Population growth from migration remains at extremely high levels. Stats NZ estimated there was a net gain of 56,000 people in the 12 months to March, up 10.9% on March 2018. However the migration estimates continue to show significant volatility and are subject to substantial revisions. Stats NZ has revised its estimated net gain for the 12 months to February down to 55,100, from 61,600 reported in the previous month. However even with the revisions, the figures show net migration gains continue to run at very high levels. The biggest source country for long-term arrivals was China with a net gain of 10,060 in the 12 months to March. This was up 31.6% compared to the previous 12 months. There was also a net gain of 545 people from Hong Kong.

House prices across New Zealand have continued to rise with 13 out of 16 regions experiencing annual price increases. Record median prices were recorded in Southland, Manawatu/Wanganui and Northland. Median house prices across New Zealand increased by 6.4% in April to a record equal $585,000, up from $550,000 in April 2018. Median price increases for New Zealand excluding Auckland were even stronger, increasing by 7.6% to a record $495,000 up from $460,000 in April last year. While median house prices in Auckland remained exactly the same as they did in April 2018 at $850,000. Surprisingly, Nelson and Otago both saw falls in the annual median price, down 0.9% and 0.4% respectively.

Australian election a highlight this weekend. The Australian Federal Election takes place this Saturday on May 18. Polling booths close at 6:00pm (local time), so we should know the results later that evening. The vote will put current Prime Minister Scott Morrison’s centre-right Liberal-National coalition against the left-leaning Australian Labor Party (ALP), which is led by Bill Shorten. The ALP has been ahead in the polls for more than two years, by a large margin for the most part, although the race has tightened a little recently. Policy differences are quite large between the two parties, with the ALP more focused on redistribution, changes to taxation and stronger action on climate change.

US President Donald Trump is expected to delay a decision on tariffs on imported cars and parts by up to six months. The US dollar has benefitted from safe haven status even as the United States and China remain locked in a trade war. Trump threatened higher tariffs on billions of dollars of Chinese imports last week, and Beijing responded with planned tariff hikes of its own on Monday.
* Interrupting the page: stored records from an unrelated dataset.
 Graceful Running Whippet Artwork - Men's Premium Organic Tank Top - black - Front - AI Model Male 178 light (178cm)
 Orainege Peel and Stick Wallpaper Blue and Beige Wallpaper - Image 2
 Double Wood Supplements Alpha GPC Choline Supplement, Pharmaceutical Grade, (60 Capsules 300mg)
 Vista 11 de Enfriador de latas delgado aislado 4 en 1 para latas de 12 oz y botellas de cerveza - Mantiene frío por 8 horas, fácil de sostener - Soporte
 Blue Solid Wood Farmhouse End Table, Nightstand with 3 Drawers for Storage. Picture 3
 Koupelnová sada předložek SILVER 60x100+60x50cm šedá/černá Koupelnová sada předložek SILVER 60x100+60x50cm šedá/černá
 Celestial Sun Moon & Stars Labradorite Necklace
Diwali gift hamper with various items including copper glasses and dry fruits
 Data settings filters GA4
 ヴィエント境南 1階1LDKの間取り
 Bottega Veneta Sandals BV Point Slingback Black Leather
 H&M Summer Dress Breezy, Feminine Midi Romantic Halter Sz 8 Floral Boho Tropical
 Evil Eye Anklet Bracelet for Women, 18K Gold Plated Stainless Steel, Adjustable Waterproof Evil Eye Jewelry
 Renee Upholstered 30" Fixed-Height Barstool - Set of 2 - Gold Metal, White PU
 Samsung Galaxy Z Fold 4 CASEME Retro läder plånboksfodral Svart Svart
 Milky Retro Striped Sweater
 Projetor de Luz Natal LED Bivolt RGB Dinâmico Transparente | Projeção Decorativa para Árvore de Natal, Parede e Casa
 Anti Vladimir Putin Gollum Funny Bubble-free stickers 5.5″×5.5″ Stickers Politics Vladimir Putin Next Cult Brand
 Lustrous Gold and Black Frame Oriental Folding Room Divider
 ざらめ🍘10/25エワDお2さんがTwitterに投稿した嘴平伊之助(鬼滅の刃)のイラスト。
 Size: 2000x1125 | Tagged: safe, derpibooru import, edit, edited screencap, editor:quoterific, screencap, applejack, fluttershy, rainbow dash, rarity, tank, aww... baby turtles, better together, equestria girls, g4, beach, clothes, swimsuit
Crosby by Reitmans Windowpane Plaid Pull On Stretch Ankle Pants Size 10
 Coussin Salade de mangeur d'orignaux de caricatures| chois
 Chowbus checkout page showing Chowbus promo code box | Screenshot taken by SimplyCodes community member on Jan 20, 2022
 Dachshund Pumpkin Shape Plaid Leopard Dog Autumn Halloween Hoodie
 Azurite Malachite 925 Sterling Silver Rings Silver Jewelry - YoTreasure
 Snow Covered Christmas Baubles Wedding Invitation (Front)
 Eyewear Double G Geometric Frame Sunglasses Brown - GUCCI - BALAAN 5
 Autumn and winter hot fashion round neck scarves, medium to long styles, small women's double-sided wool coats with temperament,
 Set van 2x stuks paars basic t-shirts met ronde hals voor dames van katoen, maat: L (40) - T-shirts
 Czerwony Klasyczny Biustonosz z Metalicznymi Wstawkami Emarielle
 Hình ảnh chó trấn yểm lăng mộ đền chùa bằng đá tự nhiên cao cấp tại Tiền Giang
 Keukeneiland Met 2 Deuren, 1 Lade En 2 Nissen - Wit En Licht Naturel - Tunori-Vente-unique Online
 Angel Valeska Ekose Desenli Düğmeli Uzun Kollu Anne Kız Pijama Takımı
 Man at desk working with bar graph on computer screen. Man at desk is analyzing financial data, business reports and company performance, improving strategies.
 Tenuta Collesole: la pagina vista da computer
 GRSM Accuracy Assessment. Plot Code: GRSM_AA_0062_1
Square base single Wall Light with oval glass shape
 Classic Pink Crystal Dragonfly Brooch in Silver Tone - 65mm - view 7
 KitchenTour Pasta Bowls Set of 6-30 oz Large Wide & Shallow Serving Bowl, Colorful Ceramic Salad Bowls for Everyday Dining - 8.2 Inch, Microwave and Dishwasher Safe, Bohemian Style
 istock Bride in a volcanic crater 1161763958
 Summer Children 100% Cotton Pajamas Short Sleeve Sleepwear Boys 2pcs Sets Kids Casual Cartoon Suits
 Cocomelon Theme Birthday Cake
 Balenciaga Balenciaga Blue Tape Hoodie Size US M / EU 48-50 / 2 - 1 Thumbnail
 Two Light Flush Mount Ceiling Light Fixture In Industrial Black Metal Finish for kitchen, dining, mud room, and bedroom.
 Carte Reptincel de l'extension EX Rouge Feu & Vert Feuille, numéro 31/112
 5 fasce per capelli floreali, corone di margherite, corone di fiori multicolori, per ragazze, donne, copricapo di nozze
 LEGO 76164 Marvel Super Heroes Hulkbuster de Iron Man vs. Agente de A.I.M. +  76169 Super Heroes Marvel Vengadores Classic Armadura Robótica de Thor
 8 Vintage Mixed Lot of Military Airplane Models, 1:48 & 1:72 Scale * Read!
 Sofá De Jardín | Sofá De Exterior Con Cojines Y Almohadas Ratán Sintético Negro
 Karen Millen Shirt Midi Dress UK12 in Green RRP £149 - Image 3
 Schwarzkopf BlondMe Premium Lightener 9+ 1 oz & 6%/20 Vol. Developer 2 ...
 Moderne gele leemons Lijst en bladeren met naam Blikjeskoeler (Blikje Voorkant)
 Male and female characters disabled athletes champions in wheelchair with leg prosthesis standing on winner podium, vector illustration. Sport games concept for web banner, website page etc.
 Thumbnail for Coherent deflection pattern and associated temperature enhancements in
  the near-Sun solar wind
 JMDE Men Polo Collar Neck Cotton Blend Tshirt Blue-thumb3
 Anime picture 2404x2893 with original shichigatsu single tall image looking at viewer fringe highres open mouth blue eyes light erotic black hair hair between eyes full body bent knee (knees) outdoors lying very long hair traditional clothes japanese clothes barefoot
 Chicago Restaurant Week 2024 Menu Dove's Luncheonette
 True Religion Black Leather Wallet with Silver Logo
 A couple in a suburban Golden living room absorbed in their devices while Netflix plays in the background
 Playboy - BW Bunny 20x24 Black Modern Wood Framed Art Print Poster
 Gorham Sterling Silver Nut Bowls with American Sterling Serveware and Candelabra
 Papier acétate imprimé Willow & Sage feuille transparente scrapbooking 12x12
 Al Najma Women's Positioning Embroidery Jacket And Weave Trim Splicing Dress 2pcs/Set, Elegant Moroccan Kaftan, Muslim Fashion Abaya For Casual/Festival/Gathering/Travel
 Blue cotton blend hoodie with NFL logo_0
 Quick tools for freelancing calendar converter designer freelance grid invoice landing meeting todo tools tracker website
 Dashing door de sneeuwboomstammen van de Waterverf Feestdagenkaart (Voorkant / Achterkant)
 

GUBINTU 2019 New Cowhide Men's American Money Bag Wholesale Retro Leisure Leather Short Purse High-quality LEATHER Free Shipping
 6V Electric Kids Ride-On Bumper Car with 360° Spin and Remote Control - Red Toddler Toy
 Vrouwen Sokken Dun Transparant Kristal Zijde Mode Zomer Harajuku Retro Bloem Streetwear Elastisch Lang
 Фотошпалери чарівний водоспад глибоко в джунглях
In Europe, data showed Germany’s economy returned to growth in the March quarter as households spent more and as construction activity picked up. Safe haven currencies including the Japanese yen and US dollar were also boosted after weak economic data in China raised new concerns about growth there. China reported surprisingly weaker growth in retail sales and industrial output for April, adding pressure on Beijing to roll out more monetary stimulus as the trade war with the US escalates.